Write out the full listing again. Make no alterations.

→ **Data for review**:
______________________________
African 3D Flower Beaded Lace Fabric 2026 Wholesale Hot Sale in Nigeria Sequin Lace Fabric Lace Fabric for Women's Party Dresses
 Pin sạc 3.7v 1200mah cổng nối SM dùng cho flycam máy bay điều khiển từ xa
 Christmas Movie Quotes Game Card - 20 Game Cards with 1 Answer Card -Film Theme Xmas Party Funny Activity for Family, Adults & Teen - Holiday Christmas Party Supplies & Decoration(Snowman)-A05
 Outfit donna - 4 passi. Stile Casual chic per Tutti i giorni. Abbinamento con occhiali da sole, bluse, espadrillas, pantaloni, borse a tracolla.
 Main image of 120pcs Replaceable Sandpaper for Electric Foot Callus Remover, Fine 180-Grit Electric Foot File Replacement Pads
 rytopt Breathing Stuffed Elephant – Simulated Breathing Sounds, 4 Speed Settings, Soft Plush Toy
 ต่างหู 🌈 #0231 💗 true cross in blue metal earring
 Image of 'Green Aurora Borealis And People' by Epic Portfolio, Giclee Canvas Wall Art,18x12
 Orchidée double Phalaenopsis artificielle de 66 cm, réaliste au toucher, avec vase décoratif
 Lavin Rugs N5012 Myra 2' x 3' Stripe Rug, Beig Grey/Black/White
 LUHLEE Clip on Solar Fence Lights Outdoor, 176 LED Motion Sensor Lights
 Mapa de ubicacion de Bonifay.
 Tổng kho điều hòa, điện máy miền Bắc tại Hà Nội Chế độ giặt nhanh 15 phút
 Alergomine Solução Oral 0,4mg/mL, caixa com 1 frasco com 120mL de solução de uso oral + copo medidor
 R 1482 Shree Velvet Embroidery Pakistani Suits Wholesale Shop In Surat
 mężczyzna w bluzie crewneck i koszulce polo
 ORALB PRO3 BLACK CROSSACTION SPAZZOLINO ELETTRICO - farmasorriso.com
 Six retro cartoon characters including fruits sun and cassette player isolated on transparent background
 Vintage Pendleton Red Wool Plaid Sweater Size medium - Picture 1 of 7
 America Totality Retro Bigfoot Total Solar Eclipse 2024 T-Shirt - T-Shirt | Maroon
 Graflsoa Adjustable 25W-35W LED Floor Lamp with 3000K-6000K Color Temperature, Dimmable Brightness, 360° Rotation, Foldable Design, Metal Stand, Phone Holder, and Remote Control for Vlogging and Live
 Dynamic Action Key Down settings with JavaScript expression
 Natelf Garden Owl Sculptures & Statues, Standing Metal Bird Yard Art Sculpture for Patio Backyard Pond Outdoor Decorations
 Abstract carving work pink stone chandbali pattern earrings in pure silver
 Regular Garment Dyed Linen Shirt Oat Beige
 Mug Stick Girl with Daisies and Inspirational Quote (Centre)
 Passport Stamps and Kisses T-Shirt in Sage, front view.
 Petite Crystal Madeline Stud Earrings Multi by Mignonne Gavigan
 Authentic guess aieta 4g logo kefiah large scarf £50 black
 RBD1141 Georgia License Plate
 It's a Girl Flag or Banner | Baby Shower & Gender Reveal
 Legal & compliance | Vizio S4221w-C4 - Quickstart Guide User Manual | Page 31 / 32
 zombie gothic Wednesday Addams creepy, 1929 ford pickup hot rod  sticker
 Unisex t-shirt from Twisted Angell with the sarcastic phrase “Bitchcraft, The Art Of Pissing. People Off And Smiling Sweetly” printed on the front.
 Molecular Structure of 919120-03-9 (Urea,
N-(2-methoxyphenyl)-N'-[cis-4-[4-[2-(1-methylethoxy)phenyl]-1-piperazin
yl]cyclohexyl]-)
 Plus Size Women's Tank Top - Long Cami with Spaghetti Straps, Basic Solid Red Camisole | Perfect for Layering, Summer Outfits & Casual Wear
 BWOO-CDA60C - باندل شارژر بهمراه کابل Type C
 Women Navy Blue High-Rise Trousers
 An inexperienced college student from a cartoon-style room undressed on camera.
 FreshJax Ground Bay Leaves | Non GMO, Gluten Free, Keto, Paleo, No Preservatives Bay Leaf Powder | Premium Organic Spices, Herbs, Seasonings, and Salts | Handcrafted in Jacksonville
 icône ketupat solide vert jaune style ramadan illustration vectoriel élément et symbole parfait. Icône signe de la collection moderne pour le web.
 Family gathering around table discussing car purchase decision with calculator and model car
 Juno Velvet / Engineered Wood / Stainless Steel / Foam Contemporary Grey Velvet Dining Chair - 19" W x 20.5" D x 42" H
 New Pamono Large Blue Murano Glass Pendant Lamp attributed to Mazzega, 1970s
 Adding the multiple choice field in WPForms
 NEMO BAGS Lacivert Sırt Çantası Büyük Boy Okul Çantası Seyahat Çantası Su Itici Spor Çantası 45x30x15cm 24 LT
______________________________
→ **Completed task**:
African 3D Flower Beaded Lace Fabric 2026 Wholesale Hot Sale in Nigeria Sequin Lace Fabric Lace Fabric for Women's Party Dresses
 Pin sạc 3.7v 1200mah cổng nối SM dùng cho flycam máy bay điều khiển từ xa
 Christmas Movie Quotes Game Card - 20 Game Cards with 1 Answer Card -Film Theme Xmas Party Funny Activity for Family, Adults & Teen - Holiday Christmas Party Supplies & Decoration(Snowman)-A05
 Outfit donna - 4 passi. Stile Casual chic per Tutti i giorni. Abbinamento con occhiali da sole, bluse, espadrillas, pantaloni, borse a tracolla.
 Main image of 120pcs Replaceable Sandpaper for Electric Foot Callus Remover, Fine 180-Grit Electric Foot File Replacement Pads
 rytopt Breathing Stuffed Elephant – Simulated Breathing Sounds, 4 Speed Settings, Soft Plush Toy
 ต่างหู 🌈 #0231 💗 true cross in blue metal earring
 Image of 'Green Aurora Borealis And People' by Epic Portfolio, Giclee Canvas Wall Art,18x12
 Orchidée double Phalaenopsis artificielle de 66 cm, réaliste au toucher, avec vase décoratif
 Lavin Rugs N5012 Myra 2' x 3' Stripe Rug, Beig Grey/Black/White
 LUHLEE Clip on Solar Fence Lights Outdoor, 176 LED Motion Sensor Lights
 Mapa de ubicacion de Bonifay.
 Tổng kho điều hòa, điện máy miền Bắc tại Hà Nội Chế độ giặt nhanh 15 phút
 Alergomine Solução Oral 0,4mg/mL, caixa com 1 frasco com 120mL de solução de uso oral + copo medidor
 R 1482 Shree Velvet Embroidery Pakistani Suits Wholesale Shop In Surat
 mężczyzna w bluzie crewneck i koszulce polo
 ORALB PRO3 BLACK CROSSACTION SPAZZOLINO ELETTRICO - farmasorriso.com
 Six retro cartoon characters including fruits sun and cassette player isolated on transparent background
 Vintage Pendleton Red Wool Plaid Sweater Size medium - Picture 1 of 7
 America Totality Retro Bigfoot Total Solar Eclipse 2024 T-Shirt - T-Shirt | Maroon
 Graflsoa Adjustable 25W-35W LED Floor Lamp with 3000K-6000K Color Temperature, Dimmable Brightness, 360° Rotation, Foldable Design, Metal Stand, Phone Holder, and Remote Control for Vlogging and Live
 Dynamic Action Key Down settings with JavaScript expression
 Natelf Garden Owl Sculptures & Statues, Standing Metal Bird Yard Art Sculpture for Patio Backyard Pond Outdoor Decorations
 Abstract carving work pink stone chandbali pattern earrings in pure silver
 Regular Garment Dyed Linen Shirt Oat Beige
 Mug Stick Girl with Daisies and Inspirational Quote (Centre)
 Passport Stamps and Kisses T-Shirt in Sage, front view.
 Petite Crystal Madeline Stud Earrings Multi by Mignonne Gavigan
 Authentic guess aieta 4g logo kefiah large scarf £50 black
 RBD1141 Georgia License Plate
 It's a Girl Flag or Banner | Baby Shower & Gender Reveal
 Legal & compliance | Vizio S4221w-C4 - Quickstart Guide User Manual | Page 31 / 32
 zombie gothic Wednesday Addams creepy, 1929 ford pickup hot rod  sticker
 Unisex t-shirt from Twisted Angell with the sarcastic phrase “Bitchcraft, The Art Of Pissing. People Off And Smiling Sweetly” printed on the front.
 Molecular Structure of 919120-03-9 (Urea,
N-(2-methoxyphenyl)-N'-[cis-4-[4-[2-(1-methylethoxy)phenyl]-1-piperazin
yl]cyclohexyl]-)
 Plus Size Women's Tank Top - Long Cami with Spaghetti Straps, Basic Solid Red Camisole | Perfect for Layering, Summer Outfits & Casual Wear
 BWOO-CDA60C - باندل شارژر بهمراه کابل Type C
 Women Navy Blue High-Rise Trousers
 An inexperienced college student from a cartoon-style room undressed on camera.
 FreshJax Ground Bay Leaves | Non GMO, Gluten Free, Keto, Paleo, No Preservatives Bay Leaf Powder | Premium Organic Spices, Herbs, Seasonings, and Salts | Handcrafted in Jacksonville
 icône ketupat solide vert jaune style ramadan illustration vectoriel élément et symbole parfait. Icône signe de la collection moderne pour le web.
 Family gathering around table discussing car purchase decision with calculator and model car
 Juno Velvet / Engineered Wood / Stainless Steel / Foam Contemporary Grey Velvet Dining Chair - 19" W x 20.5" D x 42" H
 New Pamono Large Blue Murano Glass Pendant Lamp attributed to Mazzega, 1970s
 Adding the multiple choice field in WPForms
 NEMO BAGS Lacivert Sırt Çantası Büyük Boy Okul Çantası Seyahat Çantası Su Itici Spor Çantası 45x30x15cm 24 LT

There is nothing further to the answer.